Contingency Planning: Get Ahead of the Game NOW

Tags: 3PL

It comes with the territory. Those of us who make our living in the fiercely competitive world of transportation, logistics, and supply chain management have developed an intense focus on consistently meeting and exceeding customer needs. Although most of us already operate under the credo "we need to do our work better tomorrow than we did it today," several watershed events over the past two years raised the bar for our industry and heightened expectations for contingency planning and execution.

The horrific events of Sept. 11 presented complex challenges caused by a shutdown on key roadways and in the air, as well as border closings. Consolidated Freightways' abrupt bankruptcy left many of us scrambling to get freight off its trucks and onto others. And labor issues involving 29 U.S. West Coast ports left automobile manufacturers without critical parts and retailers with holes on their shelves as the holiday season approached.

Importantly, all these events occurred during a time in which the prevailing mindset in business and among the general public is that technology is available to do just about anything we need it to do.

It's true.

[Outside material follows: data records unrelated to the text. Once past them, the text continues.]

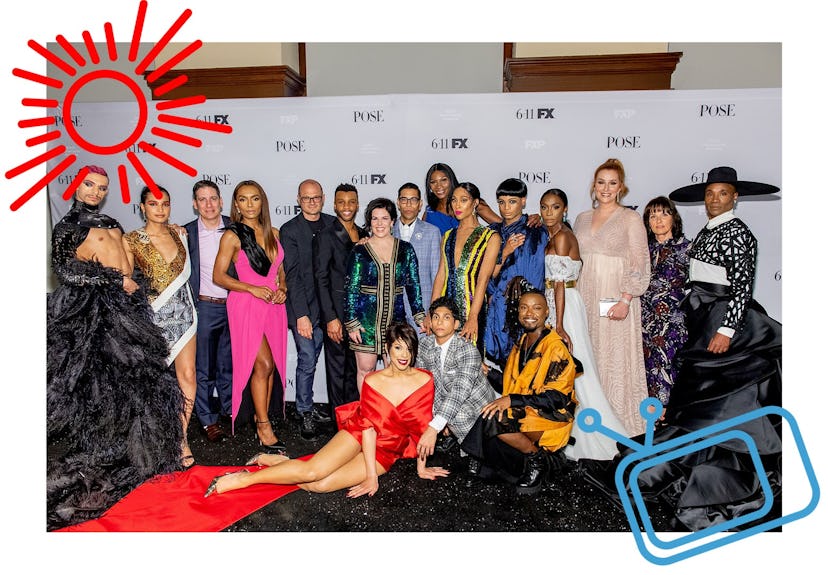 The cast of Pose take a group picture on the red carpet of a premiere event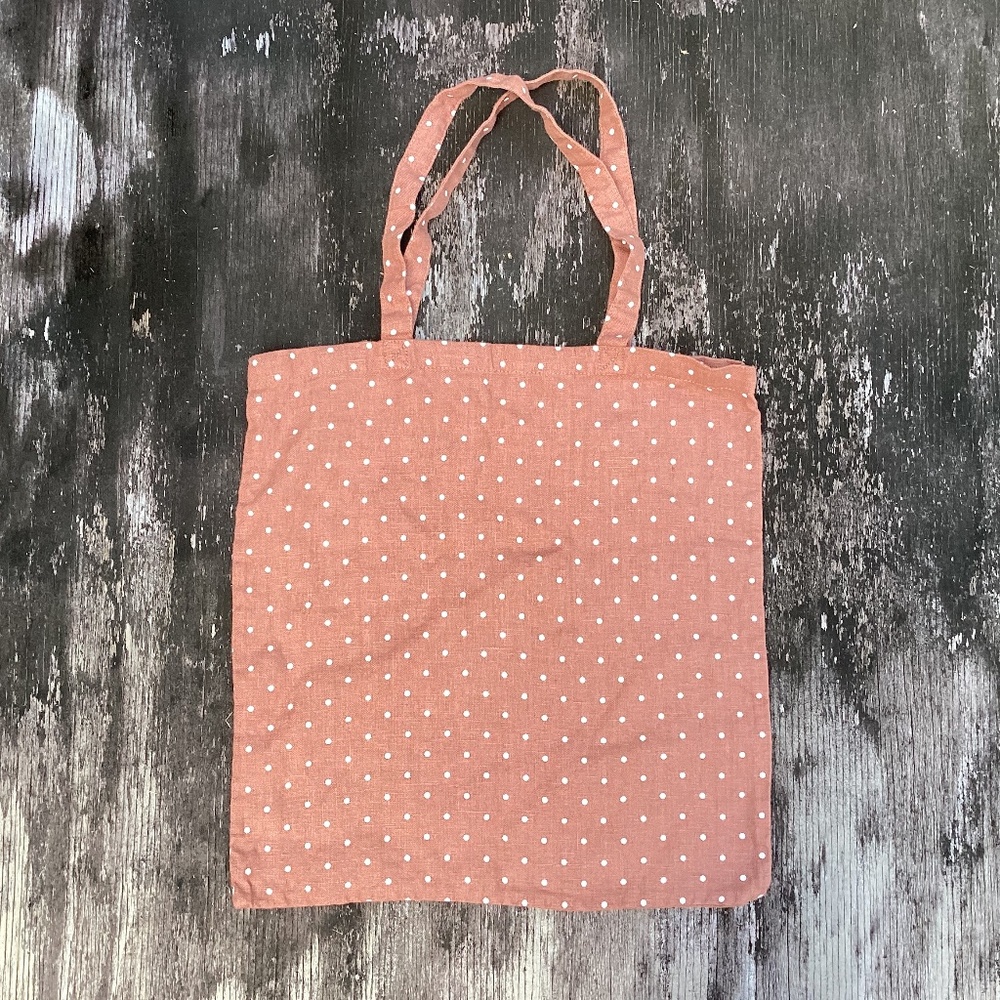 NEW not perfect linen tote bag POLKA DOTS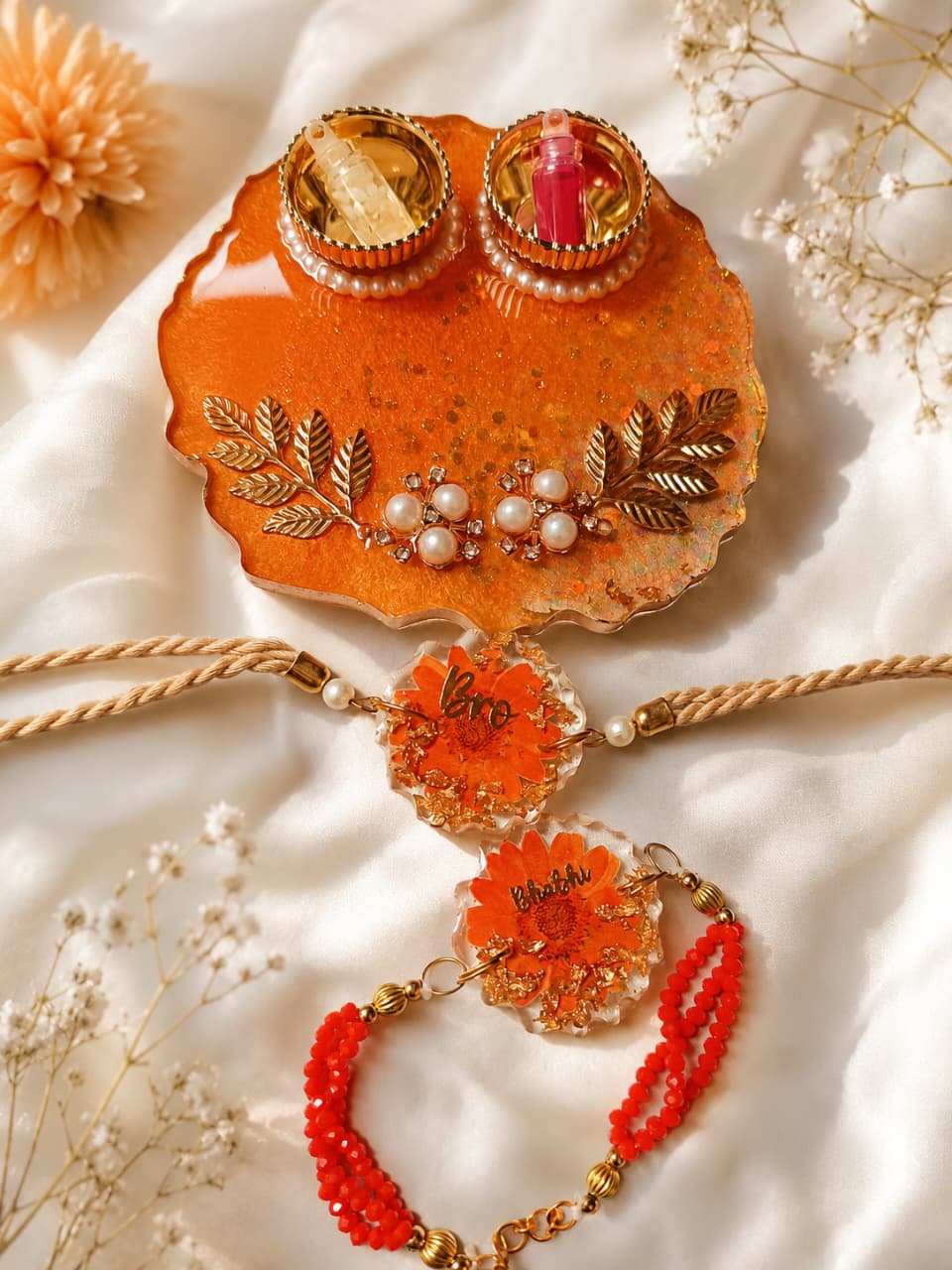 Exclusive Floral Rakhi Pair with Tilak Platter  - Mini Hamper 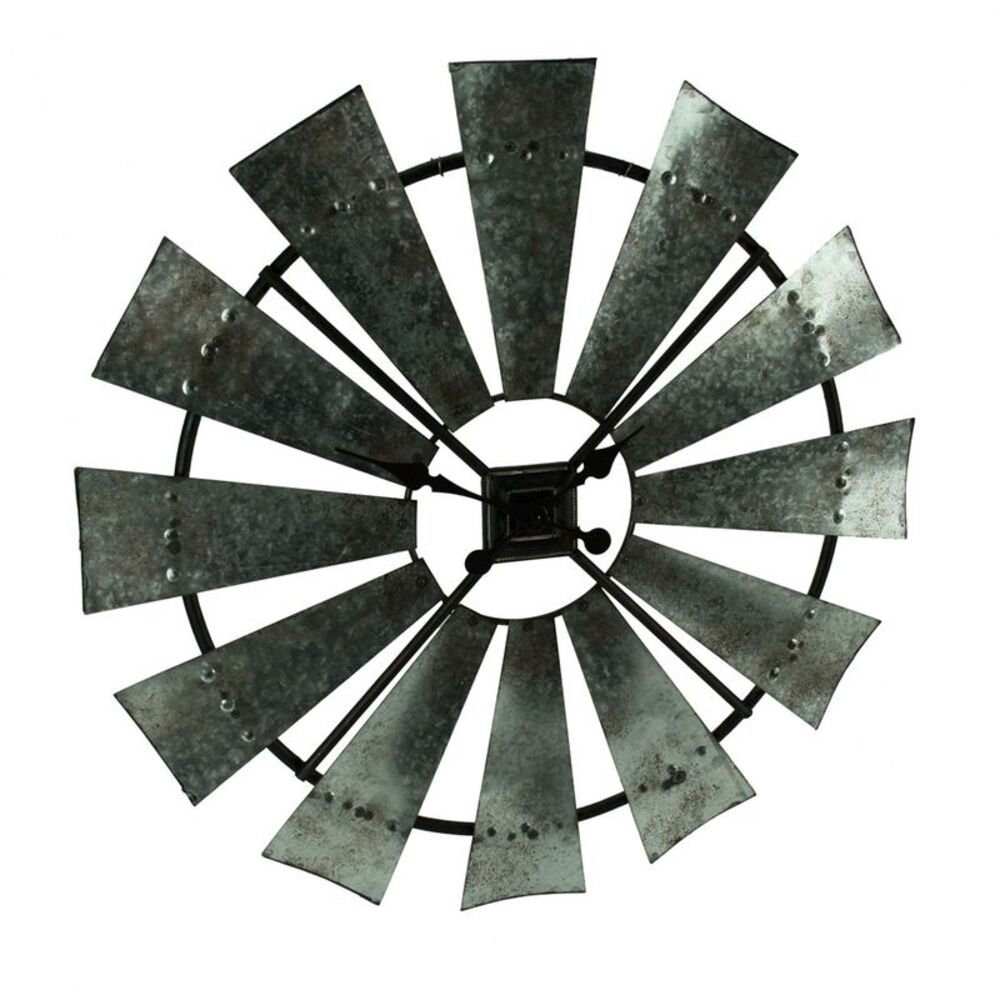 Scratch & Dent Distressed Grey Rustic 30 inch Metal Windmill Wall Clock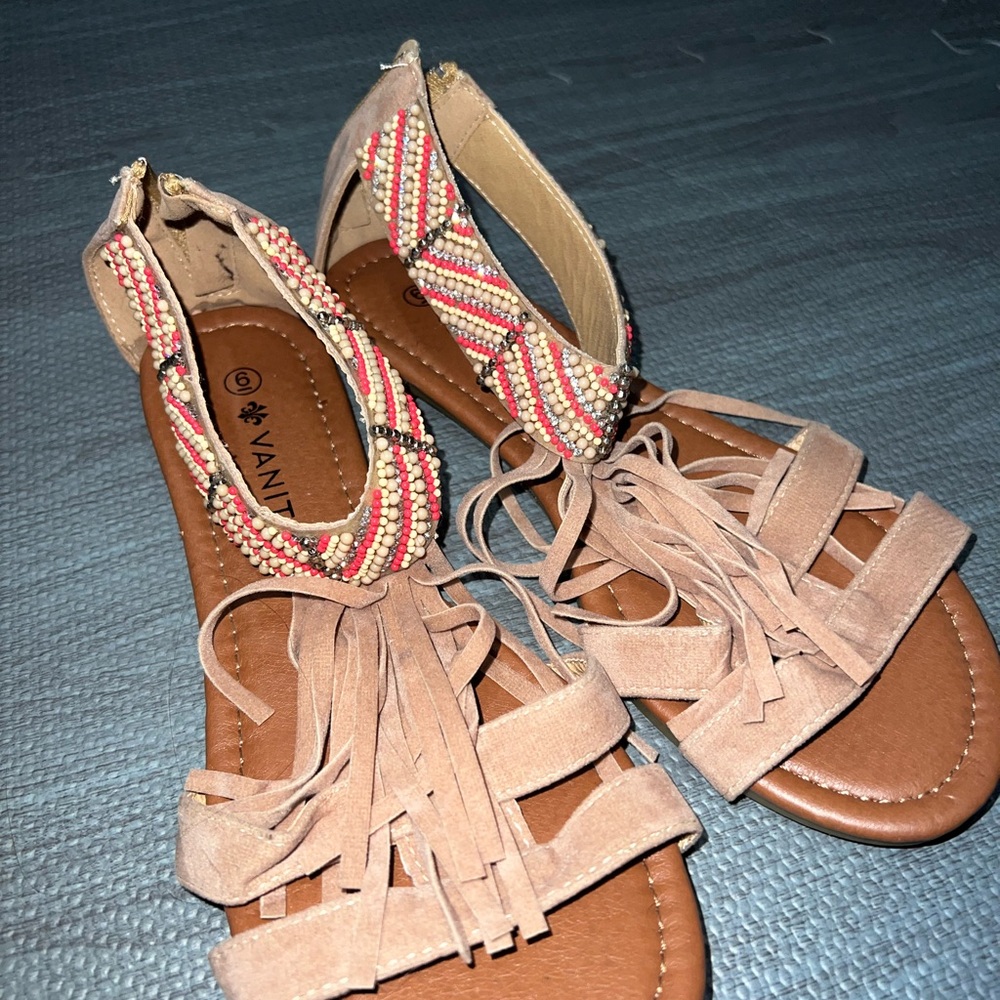 Vanity Tan and Pink Beaded Sandals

Technological advances and the ability to attain information in real time is improving, just as lean material flows and tighter margins have created an environment in which shippers have the right to expect that their carriers have effective processes and contingency plans in place to ensure delivery of their goods, when and where they are needed.

Disruptions in the supply chain can and will occur. You can help strengthen your efficiencies and better manage customer expectations in the current environment by taking the following simple steps. The basic blocking and tackling of transportation management will provide a solid foundation of operational and financial controls for your transportation network. This foundation is crucial when contingency plans must be executed as a result of major supply chain disruptions. Now is the time to get ahead of the game.

In terms of quick fixes, here are some tactical strategies to get you started:

  • Audit freight bills to ensure all the carrier's charges match the rates originally agreed upon.
  • Make sure your service providers comply with your corporate routing guide and use agreed-upon contract carriers.
  • Provide inventory and communication visibility among players in the supply chain to reduce the need for unplanned LTL shipments.
  • Plan shipping requirements to avoid unnecessary expedited and small shipments, which ultimately result in higher costs.

Strategically, you can achieve savings of up to 10 percent by planning and maintaining control over procurement processes, and by making sure your 3PLs utilize bidding strategies to secure the best transportation discounts. This includes knowing the carrier base in key markets and lanes, and using sophisticated bidding tools to provide dynamic, multi-round, conditional bidding so carriers can maximize available capacity on lanes where they can derive the most benefit and provide the greatest cost efficiency.

You should also maintain a back-up list of secondary contracted providers on all modes to mitigate potential threats such as carrier closings or strikes. This keeps the number of carriers at a manageable level and gives your carriers a vested interest in servicing any business tendered within their contracted service area.

Keep in mind that contractual agreements with all your providers should adequately define business requirements, payment schedules, and expected volumes. This shows the provider that the opportunity is viable, and servicing of their awarded business is not optional.

Analyze your current LTL shipments with the goal of optimizing shipping costs and service levels, which could result in savings of up to 12 percent. Strategies could include using other modes, such as truckload, to a greater extent or consolidating loads before they are shipped. Significant rate increases may mean you have to rebalance optimal shipping patterns and modes. This can be secured through:

Order Management: managing supplier and end-customer orders to optimize load building and load consolidation.

Mode Conversion: the ability to consolidate small shipments into larger shipments, or converting them to the most cost-effective mode—for instance, changing LTL loads to truckload multistops.

Pool Distribution: the ability to turn long-haul LTL movements into truckload line hauls with short LTL movements at the end.

Optimization models can quickly be manipulated to simulate changes within the distribution network. Their impact helps managers make better-informed decisions that affect cost and service.

Simulation models can look at several different strategies simultaneously on a level playing field to help identify the best solution. If your transportation network is disrupted or changed for some reason, simulating that change through product flow changes and possible node movements allows for impact measuring and helps determine alternative solutions and contingency plans.

Network optimization or reconfirming your distribution logistics strategy to ensure it remains the lowest-cost, best-service option should be your long-term strategic focus. Network optimization studies weigh the differences between cost and service across several strategies, and help make informed decisions. These studies can squeeze out transportation costs by deploying inventory through the network to meet demand at the lowest total cost. This alone could result in savings of up to 15 percent in total supply chain costs.

The journey continues. Sometimes you may hit rough and rugged highways, or unexpected twists and turns along the way. Other times, it's smooth sailing. Whatever the current climate may be, get prepared now with a solid foundation to ensure your freight keeps moving, even when the unexpected happens.